:: Records

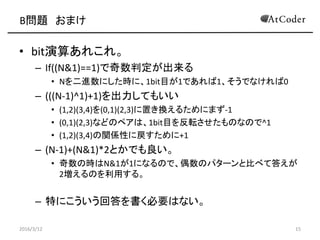 B} ޤ
? bit㤢줳졣
C If((N&1)==1)ж
? NMˤrˡ1bitĿ1Ǥ1Ǥʤ0
C (((N-1)^1)+1)Ƥ⤤
? (1,2)(3,4)(0,1)(2,3)äQ뤿ˤޤ-1
? (0,1)(2,3)ʤɤΥڥϡ1bitĿܞΤʤΤ^1
? (1,2)(3,4)vSԤˑ+1
C (N-1)+(N&1)*2ȤǤ
? ΕrN&11ˤʤΤǡżΥѥ`ȱȤ٤ƴ𤨤
2Τä롣
C ؤˤشҪϤʤ
2016/3/12 15
 
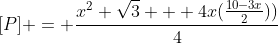 [P] = \frac{x^2 \sqrt{3} + 4x(\frac{10-3x}{2}))}{4}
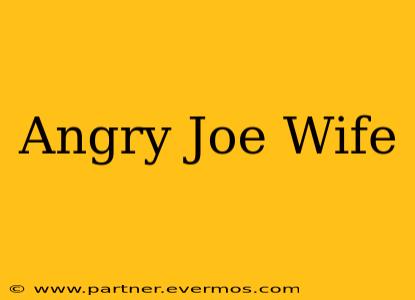 Angry Joe Wife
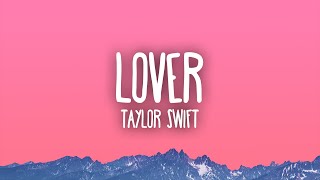 Taylor Swift  Lover [upl. by Gypsy]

::::

What needs to be done
Exact repetition of the data is needed, with no images retained.

Solution to this exercise
 B} ޤ
? bit㤢줳졣
C If((N&1)==1)ж
? NMˤrˡ1bitĿ1Ǥ1Ǥʤ0
C (((N-1)^1)+1)Ƥ⤤
? (1,2)(3,4)(0,1)(2,3)äQ뤿ˤޤ-1
? (0,1)(2,3)ʤɤΥڥϡ1bitĿܞΤʤΤ^1
? (1,2)(3,4)vSԤˑ+1
C (N-1)+(N&1)*2ȤǤ
? ΕrN&11ˤʤΤǡżΥѥ`ȱȤ٤ƴ𤨤
2Τä롣
C ؤˤشҪϤʤ
2016/3/12 15
 
 [P] = \frac{x^2 \sqrt{3} + 4x(\frac{10-3x}{2}))}{4}
 Angry Joe Wife
 Taylor Swift  Lover [upl. by Gypsy]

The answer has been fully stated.